La pervasività della minaccia jihadista in Europa è testimoniata dai dati: nel 2020 nell’Unione Europea sono stati compiuti 10 attacchi terroristici (senza contare quelli sventati e/o falliti), con un totale di 12 morti e 47 feriti.

Quattro dei dieci lupi solitari che hanno agito nella UE erano in possesso della cittadinanza europea. Cinque di loro erano entrati nell’UE come richiedenti asilo o migranti irregolari; in quattro casi, si trattava di soggetti entrati nell’UE diversi anni prima di portare a termine il loro attacco. Ciò dimostra la necessità di un maggiore controllo sui flussi migratori.

La minaccia è mutata nel corso del tempo, poiché dagli attacchi relativamente complessi e spettacolari di qualche anno fa, siamo arrivati a metodi decisamente meno sofisticati (coltello, attentati con autoveicoli e speronamento, incendi) che inoltre sono molto più difficili da prevenire per le forze di sicurezza.

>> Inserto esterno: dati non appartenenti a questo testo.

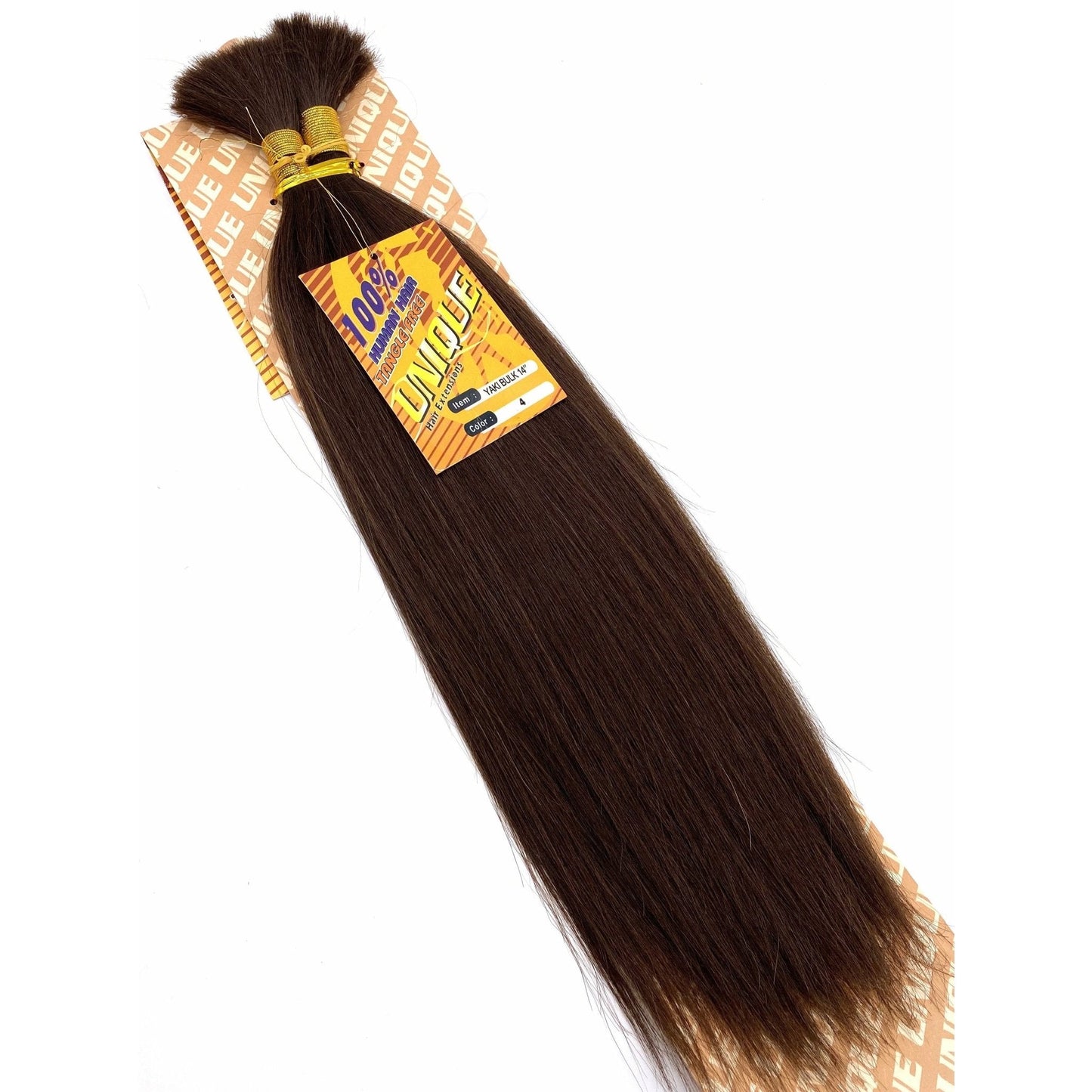Unique's Yaki Bulk 100% Human Hair 14" Hair Extensions, New With Tags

Nessun intervento di assistenza sociale può garantire una percentuale di successo del 100%, ma quelli di deradicalizzazione sono più soggetti di altri a critiche e dubbi da parte dell’opinione pubblica, soprattutto all’indomani di attacchi terroristici che coinvolgono individui già sottoposti a programmi di riabilitazione, come spesso è successo anche recentemente. Nel complesso, l’analisi degli interventi di deradicalizzazione effettuati sino a oggi in paesi occidentali e non occidentali non ha ancora individuato criteri certi e univoci di valutazione dell’efficacia.